# Tires



## z-family (Oct 2, 2004)




----------



## DernMooseAK (Apr 16, 2004)

If you got those 2 sizes correct.....the 265 70 16 is .20" taller than the 245 75 16.
With the 245 at 60mph the 265 would be doing 59.7 mph. Now if you ment 265 75 16 that tire is larger and would effect speed, at 60 you would really be doing 56 mph.


----------



## Morrowmd (Feb 22, 2005)

It sounds like the tires you have on now are bigger- 265/70R16 should be taller and wider than 245/75R16. I doubt that it will make much of a difference in towing either way (maybe slightly with speedometer). My tire guru says you don't want to get a tire to tall and narrow for towing. They have more of a tendency to promote sway.


----------



## Ghosty (Jan 17, 2005)

I agree with DernMooseAK -- the easiest way to check is to borrow a portable handheld GPS (although I think that everyone should have one who RVs) and test it that way ...
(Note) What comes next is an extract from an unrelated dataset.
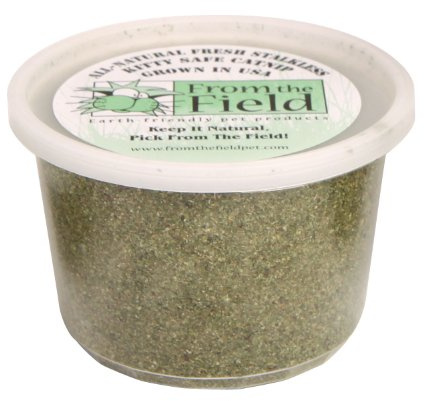 from The Field | Fine Ground Stalkless Catnip | Premium USA-Grown Catnip for Toys & Playtime | Fresh, Potent, Non-Toxic, Eco-Friendly | Safe for Kittens & Cats | Resealable 3.5 oz Tub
The GPS is extremely acurate when checking speeds and will tell you down to the 1/10 what your true speed is....


----------



## GlenninTexas (Aug 11, 2004)

It's important to know what came originally on your truck, Is the spare original equipment? If so, check that. The door sticker may or may not reflect the true tire size, mine doesn't.
Then use tha tire size calculator at the following url to compare different sizes;

action=submit" target="_blank">http://www.1010tires.com/TireSizeCalculato...p?action=submit</a>

Increasing tire height has the effect of raising your final drive ratio (lower number ratio). The site above recommends staying within 3% of original size, unless you also intend to change out rearend gears to compensate. You can also re-program your chip using a plug in devise such as Hypertech programmer, if you want to purchase it or know someone who has one. You may also find a dealer that will reprogram the new tire size for you (for a fee).

Regards, Glenn


----------



## Fire44 (Mar 6, 2005)

The big difference between the two tires you are talking about is the type of tire.

The factory tire was a LT not a P tire. The LT tire is a Light Truck tire and has a higher load rating. The P tire is a Passenger tire and would have a lighter tire rating.

The P265 is orginal equipment on 1500 Suburbans with the LT245's are orginal equipment on 2500 Suburbans.

The difference is sizes of these two tires is very small...but the LT tires will be a better option for towing. With the stiffer side walls the LT tire will give you less sway under a full load.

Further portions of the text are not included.